Dimensional modeling

Fact tables: numeric measures at a defined grain (e.g., one row per order line)
Dimension tables: descriptive attributes (e.g., product, customer, date)
Grain: the most important decision; every column in a fact must match this level
Star schema: facts at center, dimensions around; simple joins, great for BI

Surrogate keys and Slowly Changing Dimensions (SCD)

Use surrogate keys (integer IDs) for dimensions and reference them in facts
SCD Type 1: overwrite old attribute (no history)
SCD Type 2: create a new row with effective dates to preserve history
SCD Type 0: never change; Type 3: limited history in new columns

Star vs Snowflake vs Wide tables

Star: denormalized dimensions; simplest joins and great performance
Snowflake: normalized dimensions; saves storage but adds joins
Wide tables: single flattened table; fastest for specific workloads but rigid

Kimball, Data Vault, and choosing

Kimball (dimensional): best for analytics consumption and BI
Data Vault: best for ingesting change from multiple systems with auditability; often followed by dimensional marts for analytics
Choose based on team skills, lineage/audit needs, and time-to-insight

Schema-on-write vs schema-on-read

Warehouses (schema-on-write): model first for consistent fast queries
Lakes (schema-on-read): flexible raw storage + curated modeled layers
ELT layering: staging (raw), core (cleaned/conformed), marts (analytics)

Partitioning, clustering, storage formats

Partition facts by date or high-cardinality filters used in queries
Cluster/sort by frequently filtered columns to prune scans
Columnar formats (Parquet/ORC) and compression reduce cost

Semantic models and metrics

Define metrics once (e.g., revenue = SUM(net_amount))
Standardize dimensions (time, product, customer) for consistent slicing
Document filters and time boundaries (e.g., exclude test orders)

Worked examples

Example 1: E-commerce sales star schema

Goal: Daily revenue by product category and channel.

Grain: one row per order_line_id
Fact: fact_order_lines(order_line_id, order_id, order_date_key, product_key, customer_key, channel_key, qty, unit_price, discount, net_amount)
Dimensions: dim_date(date_key, date, week, month, year); dim_product(product_key, sku, name, category, brand); dim_customer(customer_key, segment, region); dim_channel(channel_key, source, medium, campaign)
Metric: revenue = SUM(net_amount)

Why this works

The grain matches the business questions (line-level revenue). Dimensions provide slice-and-dice without changing grain.

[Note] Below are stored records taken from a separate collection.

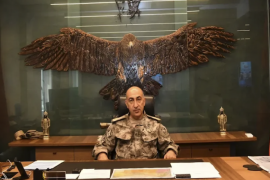 Muğla İl Emniyet Müdürlüğü’ne Süleyman Karadeniz Atandı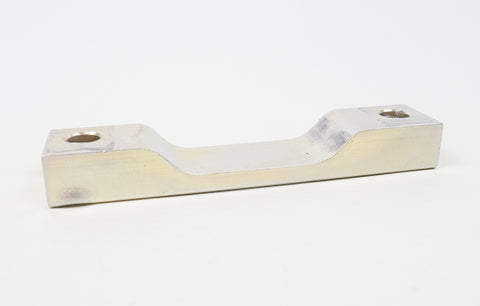 OTK Tony Kart Rear Brake Caliper Spacer Bracket for 206mm Disc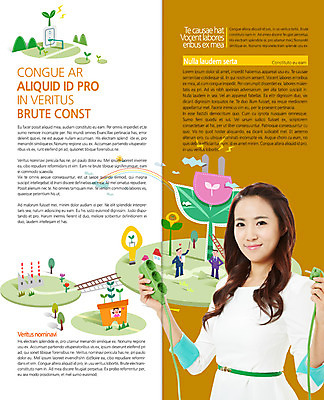 PSD 나무 식물 템플릿 편집 표지디자인 북디자인 출판디자인 여자 남자 꽃 내지 리플렛 캠페인 백그라운드 2단접지 북커버 전구 사다리 들기 사람 동양인 팜플렛 여러명 상반신 20대 성인 새싹 자연보호 그린캠페인 한국인 에너지 비즈니스맨 그린에너지 플러그 전기에너지 환경보전 청년만 성인만 이미지템플릿 다수 비즈니스 모션 자연 인종 청년 도구 직장인 보호 사회이슈 파일형식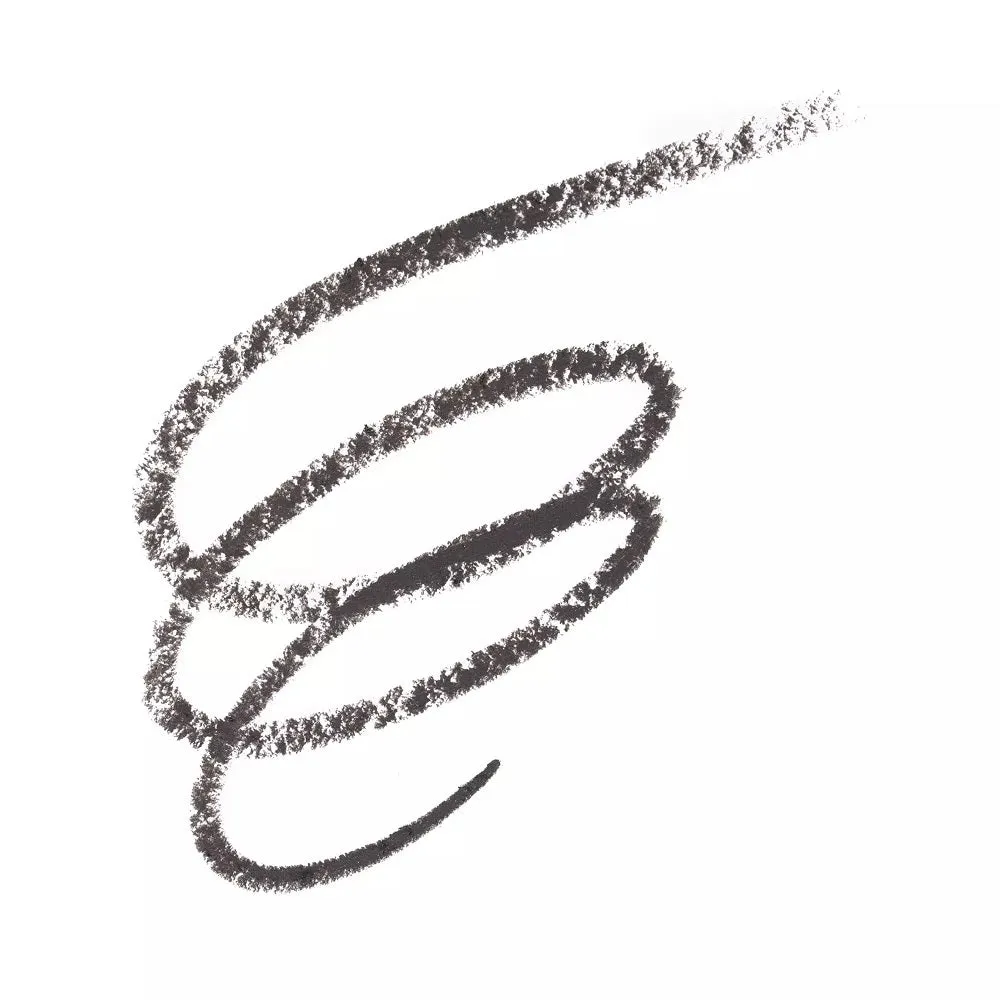 Long Lasting Eye Pencil kredka do oczu 20 Lucky Lead 0.28g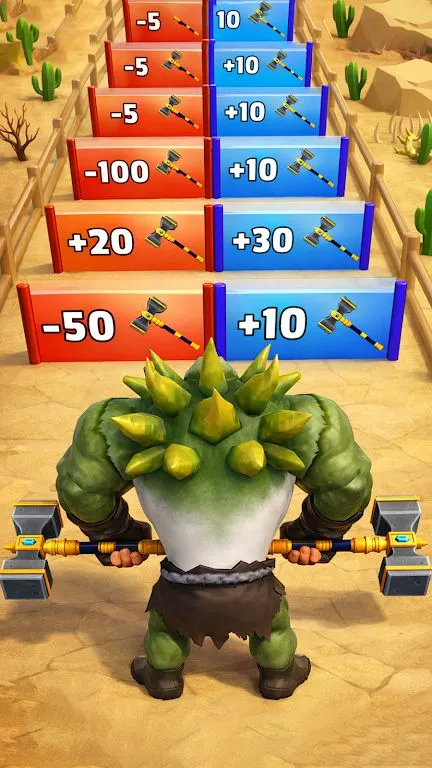 Գ����������ֻ���v1.0 �ٷ������ͼ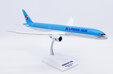 Korean Air Boeing 787-10 (JC Wings 1:200)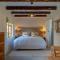 Honeyrock Cottages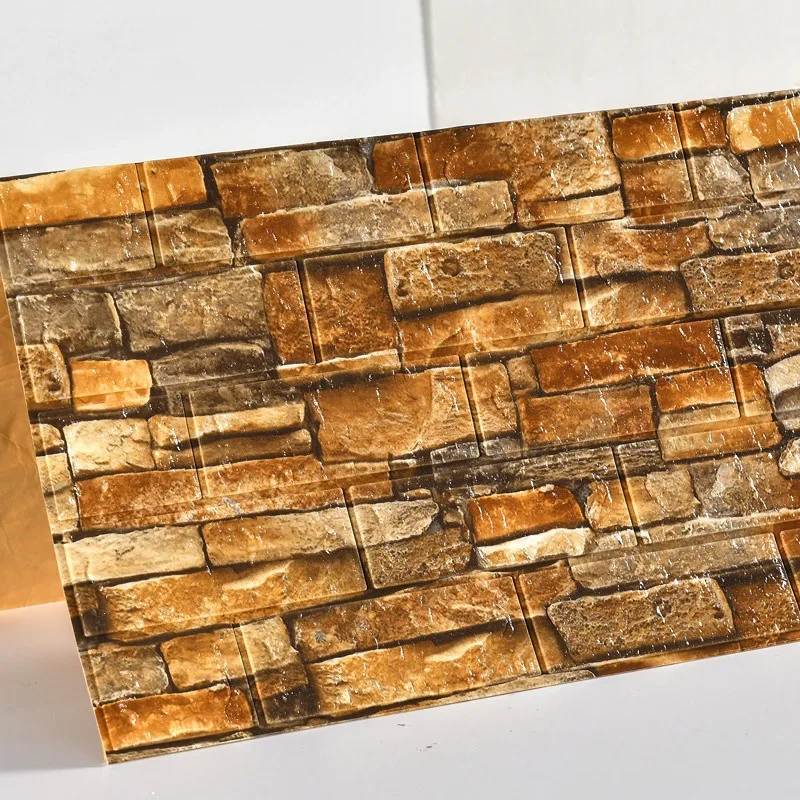 14199192553_1678131083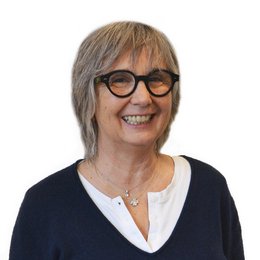 Logistics & Services Logistics & Services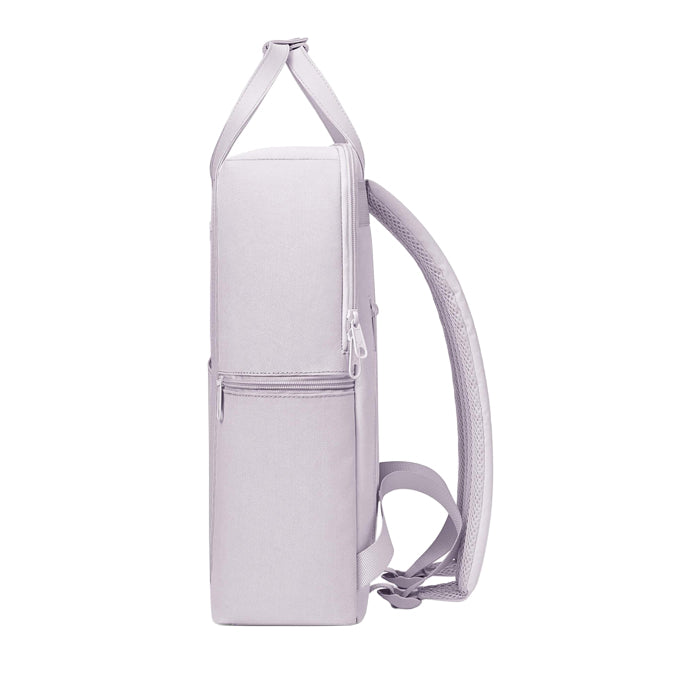 MaH Siro Workpack Backpack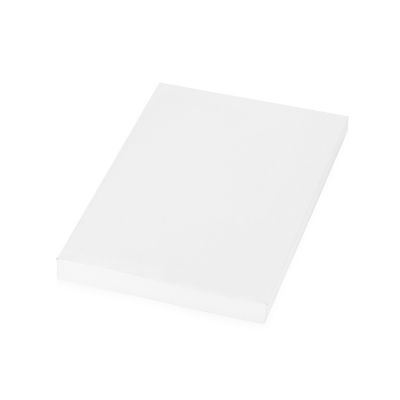 Папка для документов Norton, черный-4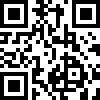 https://qudsonline.ir/xcqZd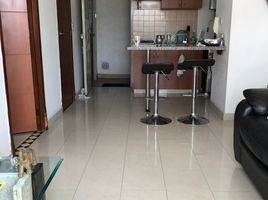 1 Habitación Apartamento en venta en Dosquebradas, Risaralda, Dosquebradas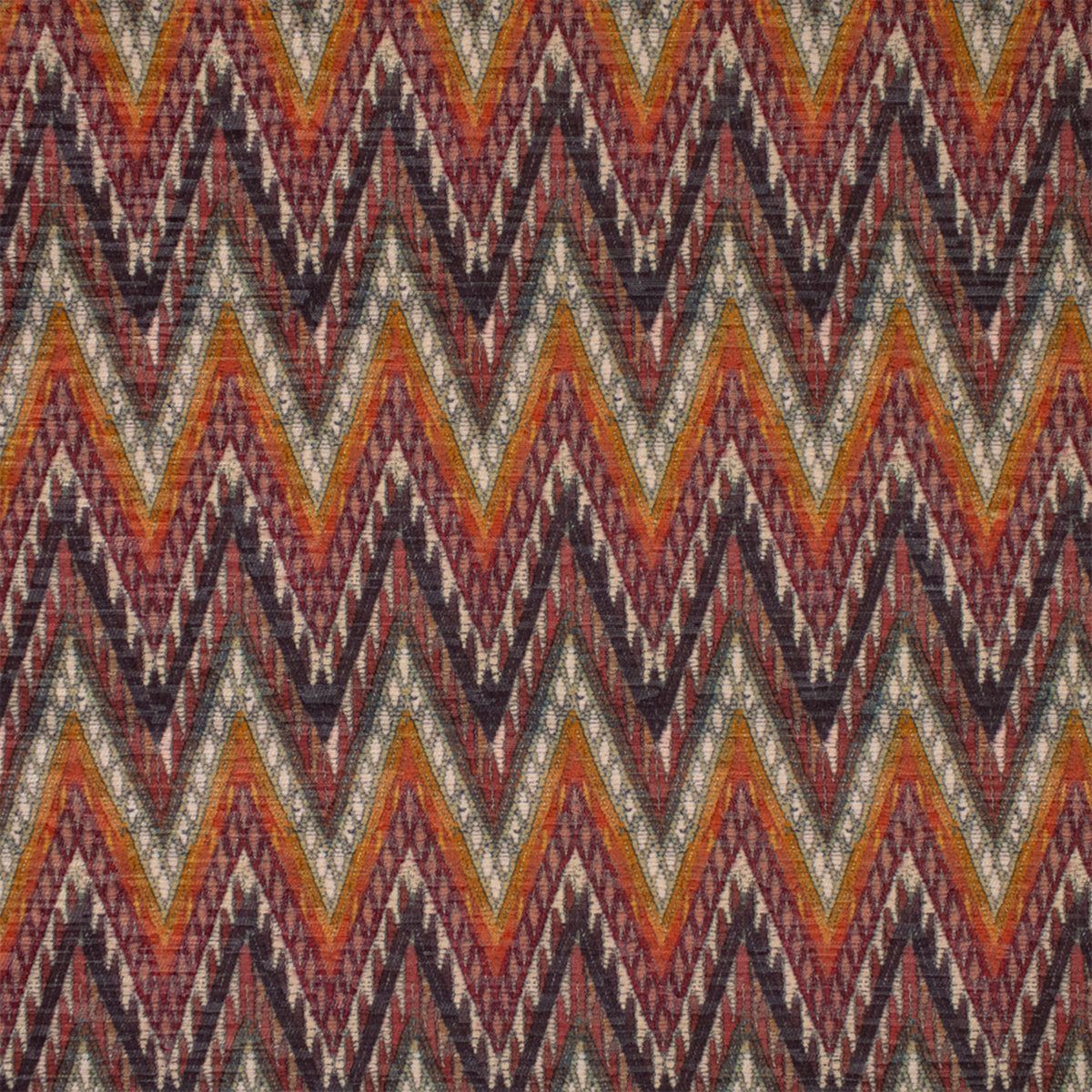 Greenhouse F6316  | Atlanta Fabrics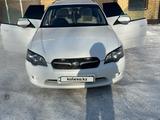 Subaru Legacy 2005 годаfor3 700 000 тг. в Алматы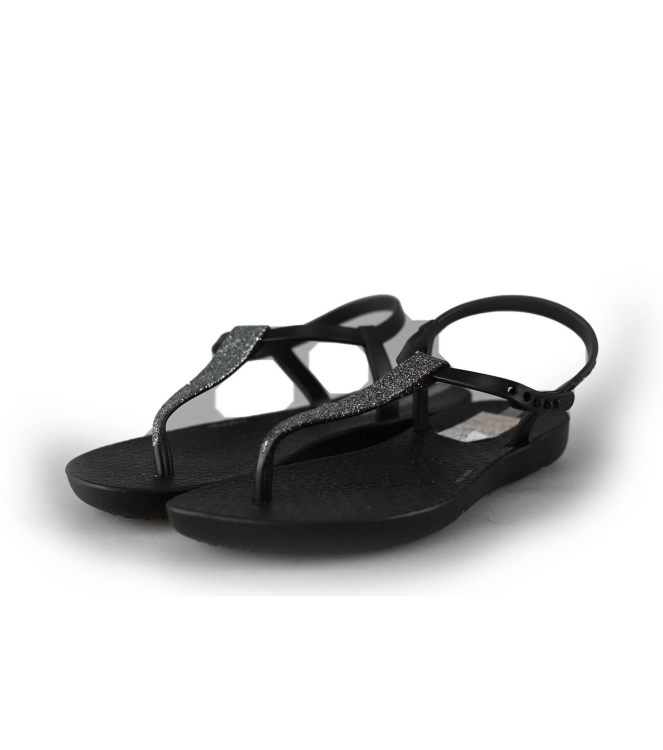 Ipamema Slippers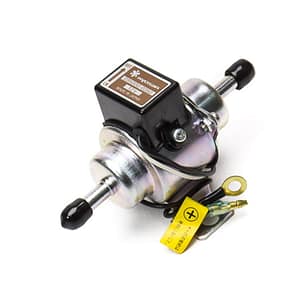 VALVULA ESCAPE V1902 KUBOTA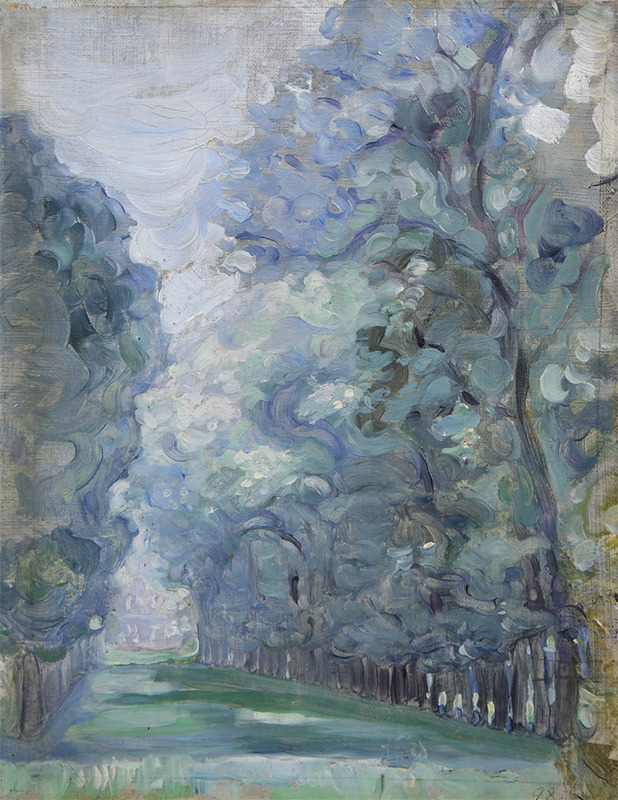 art_68pr_01_67а.jpg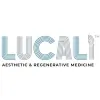 Lucali Aesthetic Medicine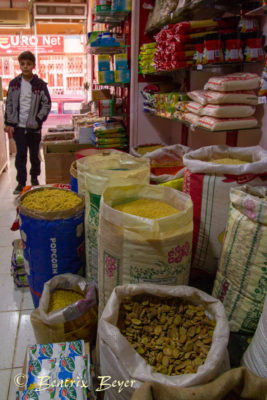 in Hurgahda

Surrogate keys keep joins stable even if SKUs or campaigns rename.

Example 2: Event analytics (web/app)

Goal: Sessions and conversion funnels.

Grain: one row per event_id
Fact: fact_events(event_id, occurred_at, user_key, session_key, event_name, page, device_key)
Dimensions: dim_user(user_key, signup_date, plan, country); dim_session(session_key, session_start_at, traffic_source_key); dim_device(device_key, os, browser, app_version)
Derived marts: fact_sessions (one row per session), fact_funnels (one row per user per funnel step)

Key note

Events are noisy. Keep raw events, then derive sessions/funnels so metrics align. Partition by event date for performance.

Example 3: SCD Type 2 for product pricing

Goal: Keep historical price changes for accurate past revenue.

dim_product_price(product_price_key, product_key, list_price, effective_from, effective_to, is_current)
fact_order_lines references product_price_key captured at order time

Why SCD2 here

Past orders should use the price valid at the time of purchase. SCD2 records let reports reflect historical truth.

Try it: Exercises

Complete the exercise below. After you finish, compare with the provided solution and update your model if needed.

Exercise 1 (in this page's Exercises section): Design a subscription analytics model with churn and MRR.

Self-check before viewing solution

Is your fact table's grain explicit and consistent?
Can you compute MRR, churn, and upgrades without row duplication?
Did you choose appropriate SCD types for customer plan changes?

Common mistakes and how to self-check

Unclear grain: If two rows can represent the same event, you’ll double-count. Fix by writing the grain in one sentence at the top of each fact.
Leaky dimensions: Joining a dimension at a different grain (e.g., daily) to a monthly fact causes duplicates. Fix by aligning on conformed keys and grain.
Forgetting surrogate keys: Natural keys change. Use surrogate keys in dimensions and persist them in facts.
Over-normalizing analytics marts: Snowflaking too early hurts usability. Prefer star unless you have a proven need.
Not capturing history: Type 1 updates break historical accuracy. Use SCD2 where downstream reports need “as was.”
Performance blind spots: No partitioning/clustering causes high cost. Partition large facts by date and cluster by common filters.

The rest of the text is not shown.